Friday 18 December 2015

Tracks of the Winter Bear, Traverse

Two acts, two authors, two very different playlets, but with common themes and references.

Act 1 tells the story of a doomed relationship in reverse.  Shula is trying to shake off the ghost of her lover, and her story winds back through significant moments in their relationship.  Along the way she receives well meant advice from strangers, who never quite hit the mark with their words, but emphasise how hard it is to communicate with someone whose reason for communicating has gone.

There are some great one liners, and several Edinburgh in-jokes, but the focus is always on Deborah Arnott's Shula, a study in pain and grief and the tragedy of being an outsider, but who lights up when the love of her life is realised, and is still able to find a form of hope and a road back from despair.

From the very real life of the opener, the second act moves into a playful, allegorical fantasy.  In a Highland winter theme park Jackie, a disenchanted Mother Christmas, becomes entwined with an escaped polar bear.  A bear that can talk in both it's own voice, and that of the people it has eaten.  A bear that craves love, with a woman who has turned her back on it.

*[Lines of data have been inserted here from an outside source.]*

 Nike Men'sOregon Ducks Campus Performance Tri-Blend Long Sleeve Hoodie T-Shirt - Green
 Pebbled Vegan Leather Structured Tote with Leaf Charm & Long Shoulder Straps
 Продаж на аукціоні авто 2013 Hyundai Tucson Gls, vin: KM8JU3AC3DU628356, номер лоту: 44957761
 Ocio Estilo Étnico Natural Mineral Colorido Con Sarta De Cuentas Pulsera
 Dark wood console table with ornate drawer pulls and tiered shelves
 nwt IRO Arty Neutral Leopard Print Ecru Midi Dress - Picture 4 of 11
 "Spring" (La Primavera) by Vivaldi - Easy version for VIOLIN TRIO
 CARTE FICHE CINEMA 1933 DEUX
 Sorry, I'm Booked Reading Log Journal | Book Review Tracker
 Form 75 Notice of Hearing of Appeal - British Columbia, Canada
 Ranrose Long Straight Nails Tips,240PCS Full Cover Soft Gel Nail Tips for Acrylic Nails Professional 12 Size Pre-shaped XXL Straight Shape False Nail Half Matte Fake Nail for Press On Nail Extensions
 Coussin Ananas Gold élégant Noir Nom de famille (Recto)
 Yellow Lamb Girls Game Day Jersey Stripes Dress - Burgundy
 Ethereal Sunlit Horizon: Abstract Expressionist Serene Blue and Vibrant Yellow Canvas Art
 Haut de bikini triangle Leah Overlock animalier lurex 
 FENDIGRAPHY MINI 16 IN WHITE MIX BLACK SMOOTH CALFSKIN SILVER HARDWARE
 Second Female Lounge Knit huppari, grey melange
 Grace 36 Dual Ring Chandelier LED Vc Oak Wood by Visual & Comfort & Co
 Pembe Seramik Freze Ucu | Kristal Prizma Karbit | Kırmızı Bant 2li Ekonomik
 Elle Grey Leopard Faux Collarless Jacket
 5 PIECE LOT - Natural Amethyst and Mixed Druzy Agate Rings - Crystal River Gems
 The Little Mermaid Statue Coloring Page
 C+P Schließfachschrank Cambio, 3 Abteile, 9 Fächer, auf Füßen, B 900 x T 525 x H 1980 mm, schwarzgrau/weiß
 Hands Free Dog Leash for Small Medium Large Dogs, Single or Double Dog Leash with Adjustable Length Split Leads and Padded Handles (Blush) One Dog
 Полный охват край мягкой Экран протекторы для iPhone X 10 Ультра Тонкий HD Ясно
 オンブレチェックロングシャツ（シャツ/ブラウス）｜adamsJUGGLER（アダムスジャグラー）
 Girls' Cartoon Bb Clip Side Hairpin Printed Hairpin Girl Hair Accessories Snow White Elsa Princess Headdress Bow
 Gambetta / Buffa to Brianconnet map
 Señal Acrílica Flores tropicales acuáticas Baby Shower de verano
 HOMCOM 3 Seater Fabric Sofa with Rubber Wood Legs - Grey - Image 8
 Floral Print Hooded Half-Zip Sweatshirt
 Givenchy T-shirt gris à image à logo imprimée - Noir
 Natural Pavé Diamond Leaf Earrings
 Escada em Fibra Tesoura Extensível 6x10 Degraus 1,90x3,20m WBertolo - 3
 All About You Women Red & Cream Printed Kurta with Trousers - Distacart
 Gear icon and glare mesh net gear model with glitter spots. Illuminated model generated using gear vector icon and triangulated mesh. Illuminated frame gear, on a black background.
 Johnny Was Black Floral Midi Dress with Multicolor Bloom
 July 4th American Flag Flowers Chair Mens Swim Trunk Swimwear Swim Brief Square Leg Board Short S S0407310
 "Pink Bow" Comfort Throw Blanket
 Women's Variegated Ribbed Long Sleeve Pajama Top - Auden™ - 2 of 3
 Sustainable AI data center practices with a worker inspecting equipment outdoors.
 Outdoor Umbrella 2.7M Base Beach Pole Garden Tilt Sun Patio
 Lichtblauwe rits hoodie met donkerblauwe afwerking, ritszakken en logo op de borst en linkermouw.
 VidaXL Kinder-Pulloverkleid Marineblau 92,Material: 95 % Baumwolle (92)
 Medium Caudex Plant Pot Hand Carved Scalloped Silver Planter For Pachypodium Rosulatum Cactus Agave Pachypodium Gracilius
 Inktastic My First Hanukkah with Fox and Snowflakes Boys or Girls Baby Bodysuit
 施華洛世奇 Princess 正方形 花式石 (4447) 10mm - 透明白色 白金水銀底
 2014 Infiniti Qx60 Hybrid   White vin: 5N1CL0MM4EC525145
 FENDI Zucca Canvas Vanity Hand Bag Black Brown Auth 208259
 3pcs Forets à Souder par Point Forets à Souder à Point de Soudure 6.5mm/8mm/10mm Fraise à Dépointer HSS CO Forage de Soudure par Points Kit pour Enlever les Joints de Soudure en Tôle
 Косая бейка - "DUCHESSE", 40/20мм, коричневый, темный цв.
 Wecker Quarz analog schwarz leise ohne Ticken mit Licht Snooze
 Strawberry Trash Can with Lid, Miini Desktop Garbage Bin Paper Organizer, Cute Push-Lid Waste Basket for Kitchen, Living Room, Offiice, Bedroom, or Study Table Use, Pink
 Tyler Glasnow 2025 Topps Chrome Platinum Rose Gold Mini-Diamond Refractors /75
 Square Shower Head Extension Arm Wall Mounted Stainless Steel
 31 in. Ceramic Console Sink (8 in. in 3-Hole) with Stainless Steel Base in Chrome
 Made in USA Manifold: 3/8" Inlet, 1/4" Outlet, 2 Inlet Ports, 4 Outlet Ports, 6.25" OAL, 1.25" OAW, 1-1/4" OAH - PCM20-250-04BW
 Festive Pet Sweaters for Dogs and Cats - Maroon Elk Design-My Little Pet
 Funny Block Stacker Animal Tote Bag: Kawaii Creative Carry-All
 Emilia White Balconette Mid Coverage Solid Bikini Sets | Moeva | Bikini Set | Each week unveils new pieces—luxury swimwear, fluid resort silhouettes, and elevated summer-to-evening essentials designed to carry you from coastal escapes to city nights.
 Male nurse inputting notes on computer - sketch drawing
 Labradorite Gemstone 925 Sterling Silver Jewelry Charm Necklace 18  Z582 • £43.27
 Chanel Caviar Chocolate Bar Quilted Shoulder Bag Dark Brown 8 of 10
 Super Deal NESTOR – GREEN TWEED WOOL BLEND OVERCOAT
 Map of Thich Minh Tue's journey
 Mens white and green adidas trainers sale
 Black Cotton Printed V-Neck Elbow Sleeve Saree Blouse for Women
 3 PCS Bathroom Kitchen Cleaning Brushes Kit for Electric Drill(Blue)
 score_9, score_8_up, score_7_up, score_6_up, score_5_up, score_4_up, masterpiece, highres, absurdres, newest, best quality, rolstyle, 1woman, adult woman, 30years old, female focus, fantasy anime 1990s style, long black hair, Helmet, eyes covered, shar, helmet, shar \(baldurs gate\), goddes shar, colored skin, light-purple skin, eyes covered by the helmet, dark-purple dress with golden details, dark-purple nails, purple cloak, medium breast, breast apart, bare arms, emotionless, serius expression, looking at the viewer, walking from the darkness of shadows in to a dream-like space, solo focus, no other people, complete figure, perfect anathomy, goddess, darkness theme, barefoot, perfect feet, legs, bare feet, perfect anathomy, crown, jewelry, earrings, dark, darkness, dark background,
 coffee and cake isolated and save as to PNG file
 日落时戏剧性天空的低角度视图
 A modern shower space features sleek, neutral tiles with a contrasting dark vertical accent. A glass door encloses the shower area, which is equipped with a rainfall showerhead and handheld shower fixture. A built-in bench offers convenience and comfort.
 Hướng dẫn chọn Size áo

Together they go on a journey, back to Jackie's home in Abbeyhill, and face up to their own fears.  When they part there is, as in Act 1, enough hope in the air for them to find their own ways in recognising their own needs.  The humour is dark, often hilarious, and the script moves at a goodly pace.  Kathryn Howden is a wonderfully world weary Jackie, full of wisecracks and cynicism.  But it's Caroline Deyga's Bear that's the star turn of the night.  Worried, worrying, companionable, terrifying, an echo chamber of human fears and heartaches, she is a powerful presence on stage.

An unusual stage at that, with audience lined up on two sides of the raised and rolling platform, yet another aspect of the duality that runs through the performance.

Both acts have strongly distinctive identities, but both feature love lost, love missed, love unclaimed.  Love accepted, enjoyed, powerful.  And polar bears.

A heartwarming way to pass a winter evening.